Une période de troubles et de combats à Abidjan
Le 4 avril 2011, la fin est proche pour le président déchu Laurent Gbagbo. Lui qui refuse la victoire à son rival Alassane Ouattara a été poussé dans ses derniers retranchements. À Abidjan, son clan contrôle encore le quartier du Plateau, où le Novotel est implanté. Une douzaine de journalistes s'y sont installés. En début d'après-midi, des hommes en treillis, armés de kalachnikov, font irruption dans l'hôtel. Michel Scott, grand reporter à TF1, fait partie des journalistes présents. Installé au 8e étage de l’hôtel, il se souvient qu'une alerte est donnée. "Il y a des intrus dans l’hôtel, il y a des soldats ou des miliciens, planquez-vous dans vos chambres." Michel Scott reste ainsi une vingtaine de minutes à l'abri. Quand il sort, il comprend que "quelque chose a eu lieu".

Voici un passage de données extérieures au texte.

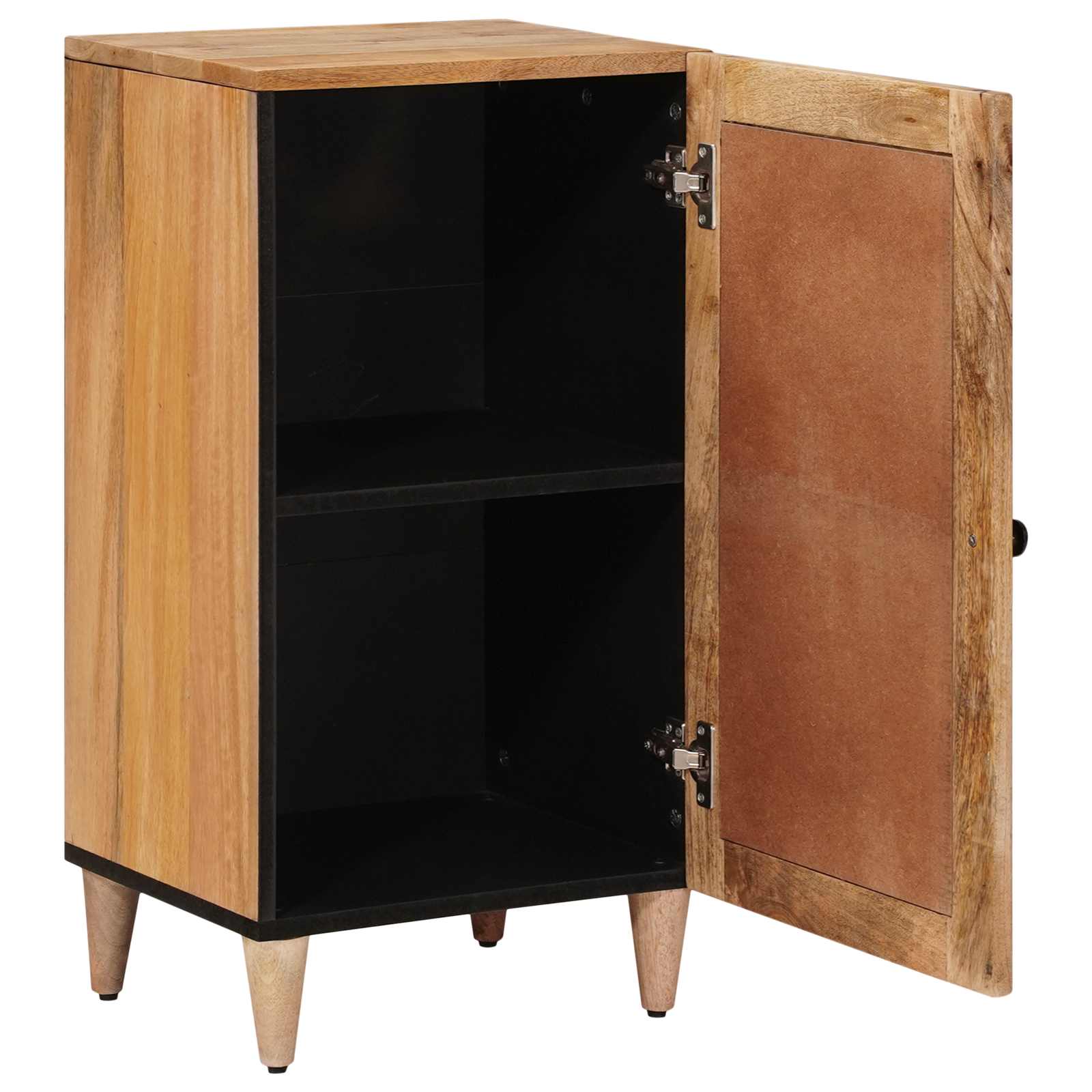 Sideboard mit Speicher Walnuss 40 x 33 x 75 cm Massivholz Mango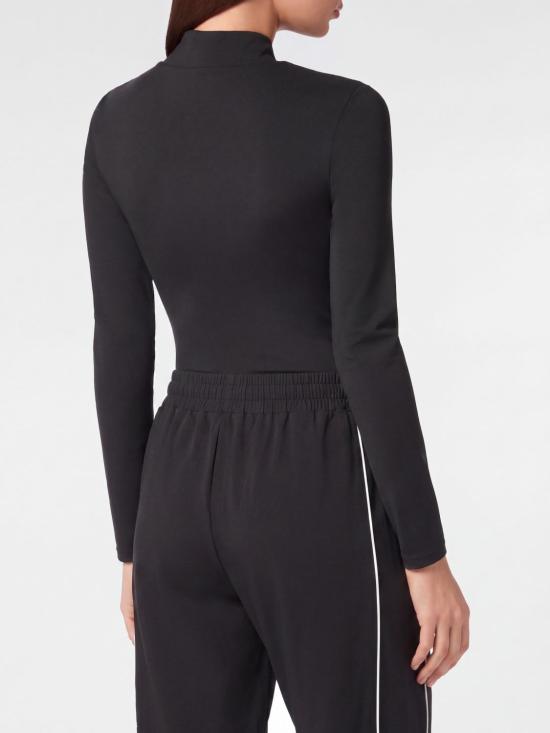 26SS 플레인스포츠 트레이닝 티셔츠 SAECWJU0077STE003N 02 Black - PLEIN SPORT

Le geste "héroïque" du directeur de l'hôtel
A l’étage en dessous, le directeur du Novotel, Stéphane Frantz Di Rippel, a été emmené hors de l'établissement, ainsi qu'un industriel, Yves Lambelin, et deux autres clients. Selon des témoins, les membres du commando ont demandé au directeur s'il y avait des journalistes dans l'hôtel. Il a répondu par la négative. "Il nous a sans doute sauvé la vie", estime Michel Scott. "Son geste, son réflexe à ce moment-là, est protecteur pour nous. Ne serait-ce que pour ça, il a eu une attitude héroïque", déclare le journaliste.
Pendant des semaines, personne n'obtient de nouvelles des quatre hommes, jusqu'à début juin 2011, avec la découverte de plusieurs corps dans la lagune. Ce qui s’est passé reste flou.
Des suppositions insoutenables pour les proches
La dernière fois que Karine, la compagne de Stéphane Frantz Di Rippel, a eu des nouvelles de son ami, c'est dans un mail, le 4 avril 2011, reçu vers midi. Karine est au Togo, où elle a été évacuée pour des raisons de sécurité. Deux heures plus tard, Stéphane Frantz Di Rippel est emmené par des hommes du clan Gbagbo. "Un commando d’une douzaine de personnes, armées de fusils d’assaut et de kalachnikov est rentré dans l’hôtel", relate-t-elle. "Stéphane Frantz Di Rippel, Yves Lambelin et deux de ses collaborateurs, auraient été emmenés dans le palais présidentiel, pour être interrogés, torturés et tués", déclare la compagne du dirigeant de l'hôtel.
"On ne sait toujours pas où est Stéphane, s’il a été jeté dans la lagune, s’il a été enterré", se désole Karine.
L'ombre du couple Gbagbo
Dix accusés sont renvoyés devant la justice. Parleront-ils ? Pierre-Olivier Sur, avocat de la famille de Stéphane Frantz Di Rippel, espère des réponses, en particulier sur la possible implication de Laurent et Simone Gbagbo. "Est-ce que la décision est leur décision, ou pas ? On ne le sait pas, mais c’est bien la question première", déclare l'avocat, qui énonce les autres interrogations : "Pourquoi ? Comment ? Où a été jetée la dépouille ?" Me Sur estime que pour la famille, les proches, et en particulier les deux filles du directeur du Novotel, le deuil implique des réponses.
Le procès, à peine ouvert mardi, a été renvoyé au 21 février prochain.